Media outlets and various experts in the health field are cheering a report released Thursday by the Robert Wood Johnson Foundation stating that 16 of the top food and beverage manufacturers in the United States cut 6.4 trillion calories from their products over the past five years.
Well, there could be worse news, but cutting a few calories from processed foods and calling this a coup is like celebrating a 10 percent discount on shoes that were originally marked up 300 percent. Slightly marked down designer shoes are still overpriced, and lower-calorie junk food is still junk food.
With new research strongly suggesting not all calories are created equal (like the recent report in the New England Journal of Medicine that people who eat a lot of high-calorie, high-fat nuts tend to be thinner than people who don't eat nuts), this news may be inconsequential.
People who continue to eat a diet heavy in processed foods and beverages from the companies listed in the RWJF report (ConAgra, Kraft Foods and Coca-Cola among them) might just eat a higher volume of the lower-calorie versions or seek the missing calories from another poor source.
We should have learned by now that food companies rarely cut calories or fat without replacing what's missing with something potentially more damaging to the consumer. We now know that margarine is far worse for us than real butter and most fat-free products contain extra sugars and artificial ingredients to add the texture and flavor lost from cutting the fat. "Free" foods can have serious hidden costs, and most low-fat and low-calorie processed foods aren't much better from a nutrition standpoint.
Processed foods, most of which are high in sugars and starches (which convert quickly to sugar in the bloodstream), disrupt natural hunger and satiety cues, causing people to overeat. Whether a packaged food in which the first two ingredients are white flour (or rice, corn or potato) and sugar is 300 calories or 280 calories makes no difference. Eating junk food doesn't satisfy cravings; it stimulates more cravings.
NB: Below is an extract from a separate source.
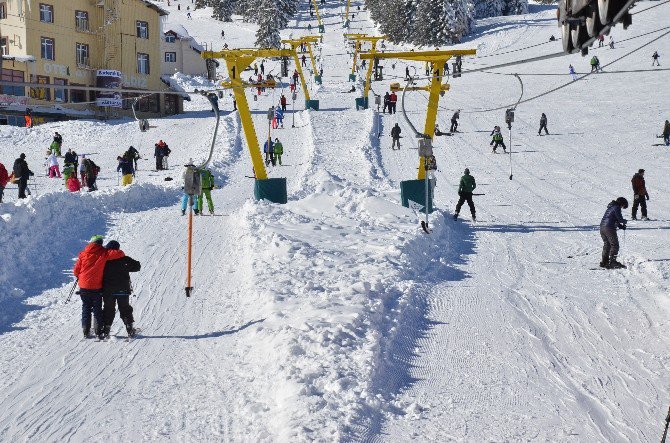 Tatilciler Uludağ’a Akın Etti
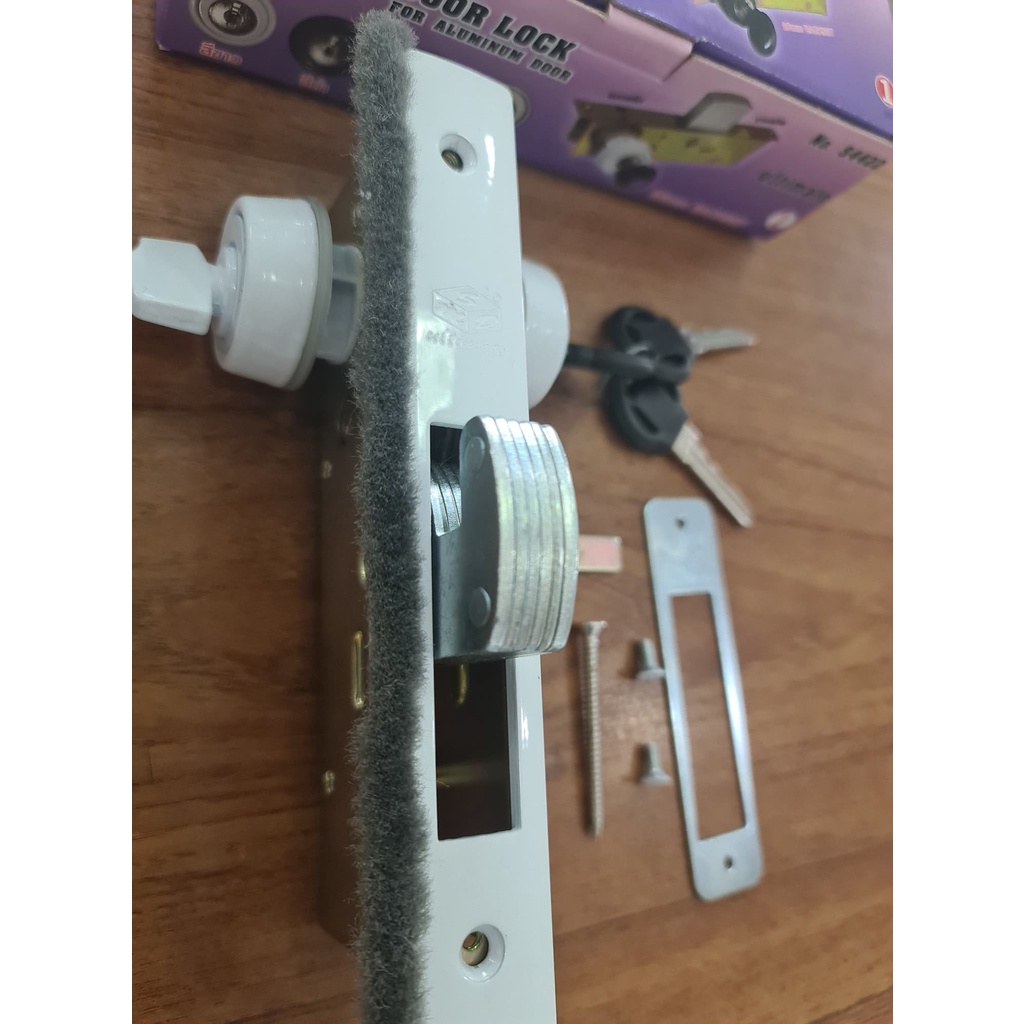 กุญแจบานเลื่อน / บานสวิง กุญแจ 3 ดอก ถ่ายจากสินค้าจริง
My overweight clients often complain of being "addicted to carbs," and they may very well be, as sweets and other high glycemic foods like bread, crackers, chips and cereal (even the ones marketed as "whole grain") put the body on a glucose roller coaster, causing more cravings for sugar and carbohydrates as blood sugar crashes from its last high.
Research has even shown that the brain circuitry patterns of people who eat too much junk food mirrors that of drug addicts, meaning junk food may be as addictive as cocaine. Would we be celebrating if a drug addict consumed slightly less cocaine than he did five years ago?
Even as books like Wheat Belly and Grain Brain (which recommend gluten-free, low-grain diets) dominate the bestseller lists and nutrition experts from science writer Michael Pollan to Dr. Oz warn consumers about the dangers of processed foods (including low-fat and low-calorie products), authorities in the health and food industries are still preoccupied with lowering consumers' fat and calorie intake with little regard to the overall quality of their diets. This makes no sense to those of us who have cut low-fat and fat-free processed foods from our diets, replaced them with high-calorie and/or high-fat whole foods like eggs, avocados and nuts and lost weight.
Weight Watchers made significant improvements over the past five years by incentivizing people to eat high quality foods rather than just count calories (points were previously based on calorie content, so an apple and an Oreo had the same points under the old system), but the majority of weight loss plans are still based solely on calorie-counting, and the majority still fail consumers in the long-run.
Weight loss and health improvements will only occur when people eliminate junk food and replace it with whole, satisfying and nutrient-dense foods, some of which may (gasp!) have slightly more calories than processed foods.
Lindsay Hill is a board-certified health coach and the author of The Get Real Diet published in 2013.